• Civil Engineering

  • Heavy lifting

  • Optimized schedule

  • Parallel operations

  • United Kingdom

Cutting construction time in half, to hit an unmissable deadline.

On December 31st, 1999, the London Eye was the centerpiece of Great Britain’s millennium celebrations. Mammoet had been contracted to erect the giant ferris wheel in the shortest possible time frame.

By proposing a modular construction plan, Mammoet shortened the overall construction schedule by as much as fifty percent. Under the watchful eye of the world, the London Eye was successfully erected in time for the millennium fireworks.

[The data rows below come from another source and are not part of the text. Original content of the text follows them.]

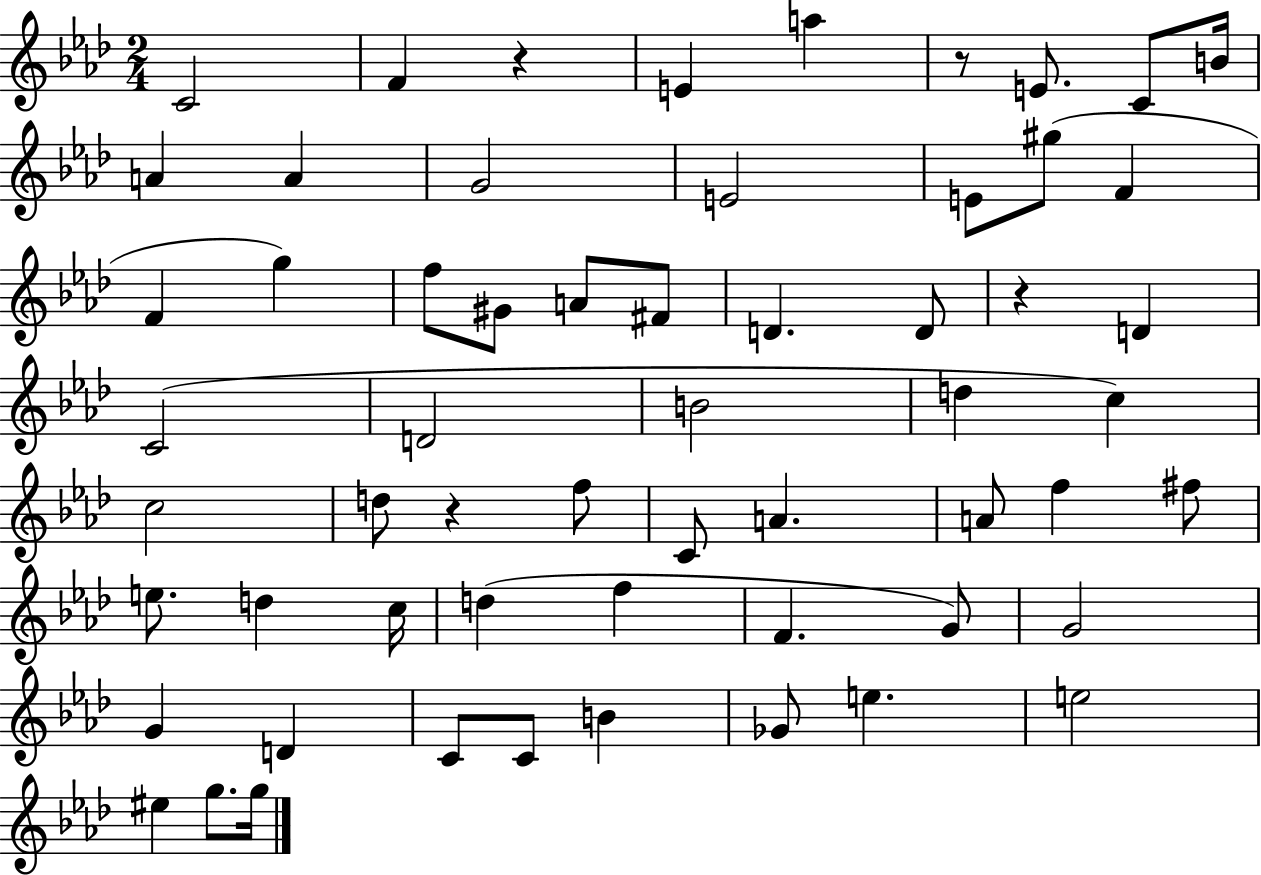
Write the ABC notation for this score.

X:1
T:Untitled
M:2/4
L:1/4
K:Ab
C2 F z E a z/2 E/2 C/2 B/4 A A G2 E2 E/2 ^g/2 F F g f/2 ^G/2 A/2 ^F/2 D D/2 z D C2 D2 B2 d c c2 d/2 z f/2 C/2 A A/2 f ^f/2 e/2 d c/4 d f F G/2 G2 G D C/2 C/2 B _G/2 e e2 ^e g/2 g/4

The world was counting down to the turn of the millennium, and the London Eye had been built especially for the occasion. With the invitations for the wheel’s grand opening already out the door, the deadline was obviously very strict. More than ever, the pressure was on to work out a time and cost-effective way to install an object of monumental proportions.

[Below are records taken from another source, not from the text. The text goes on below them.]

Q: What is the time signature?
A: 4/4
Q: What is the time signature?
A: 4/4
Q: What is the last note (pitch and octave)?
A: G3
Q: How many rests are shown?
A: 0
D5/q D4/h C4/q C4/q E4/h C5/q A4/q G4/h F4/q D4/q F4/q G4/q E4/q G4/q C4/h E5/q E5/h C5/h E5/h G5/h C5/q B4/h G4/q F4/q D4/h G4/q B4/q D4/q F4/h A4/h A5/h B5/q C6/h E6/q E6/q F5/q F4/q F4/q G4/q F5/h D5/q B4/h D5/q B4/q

London eye during construction.jpg

But the key to turning this operation into a success wasn’t just in the lift itself. Long before the wheel was raised, a plan was born that would drastically shorten the entire construction schedule. Because Mammoet had found a way to erect the entire wheel from a horizontal to a vertical position, various parts of the London Eye could be constructed simultaneously in several locations.

As a result, overall construction time was cut in half and the space required for construction was significantly less. With other building methods, an earlier construction start would have been necessary. By bringing down construction time, capital and space requirements were reduced.

This production schedule resulted in significant savings for the client, and after a relatively short and highly efficient construction process, the Eye was lifted to its fully upright position in the London skyline in time for the party.